Michael Paul Ansah (born 31 October 1928) was a Ghanaian politician who served in the First and Third Republics. He served as a member of parliament for the Akwamu constituency from 1965 to 1966 and the member of parliament for the Mid-Volta constituency from 1979 to 1981. He also served as the Minister for Health from 1979 to 1981 and the Minister for Industry, Science and Technology from August 1981 to December 1981.

Early life and education
Ansah was born on 31 October 1928 in Anum, a town in the Eastern Region.

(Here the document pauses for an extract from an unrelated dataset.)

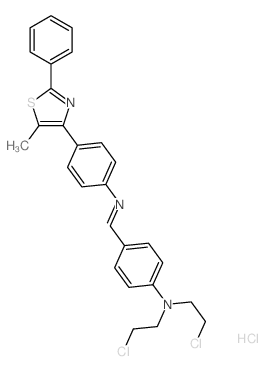 Benzenamine,N,N-bis(2-chloroethyl)-4-[[[4-(5-methyl-2-phenyl-4-thiazolyl)phenyl]imino]methyl]-,hydrochloride (1:1)结构式
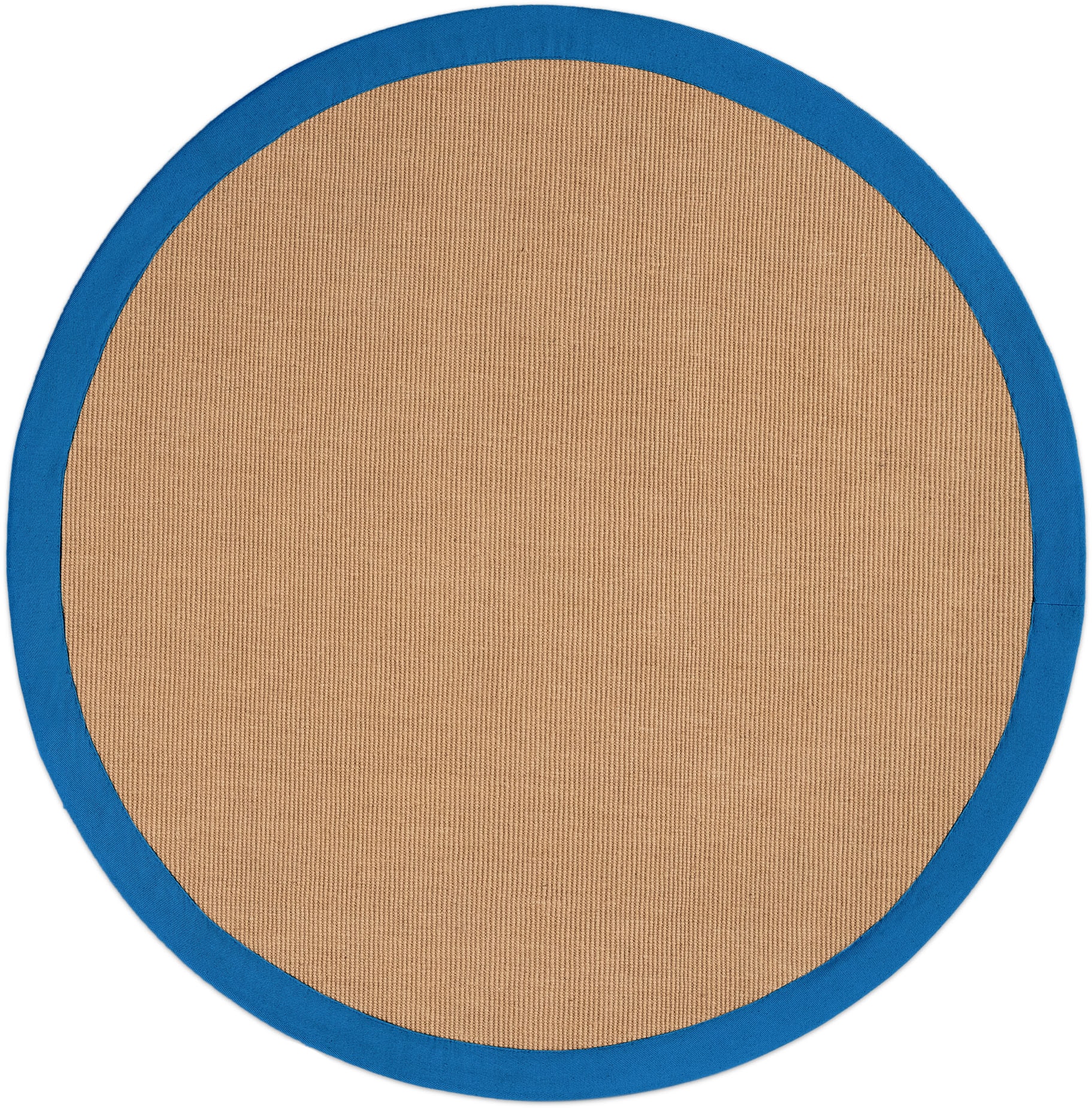carpetfine Sisalteppich »Sisal«, rund, 5 mm Höhe, mit farbiger Bordüre, Anti-Rutsch Rückseite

He had his early education at the Mampong-Akwapim Primary School from 1935 to 1940. He had his middle school education at the Akropong-Akwapim Middle School and the Begoro Middle School from 1941 to 1942 and from 1942 to 1944 respectively. He entered the Presbyterian Secondary School (now Presbyterian Boys' Senior High School) in 1945 completing in 1949. He later had his post-secondary education at the Akropong Teacher Training College (now the  Presbyterian College of Education, Akropong) where he obtained his Teachers' Certificate 'A'. After a few years in the teaching profession he entered the University of Ghana, Legon graduating with a degree in history in 1959. He later read politics and anthropology at the Institute of African Studies at the University of Ghana graduating in 1965. He was the first president and founder of the Students Historical Association at the University of Ghana he was also the founder and first secretary of the Akwamu Youth League in 1958 (now Akwamu Students Union).

Career
Ansah begun teaching at the Presbyterian Secondary School at Odumase Krobo until he was transferred to the Institute of Arts and Culture on 30 June 1962. In 1965, he was appointed headmaster of O'Reilly Secondary School.

Politics
In June 1965 Ansah was elected as member parliament for the Akwamu Constituency under the Convention Peoples Party regime. He served in this capacity until February 1966 when the Nkrumah government was overthrown.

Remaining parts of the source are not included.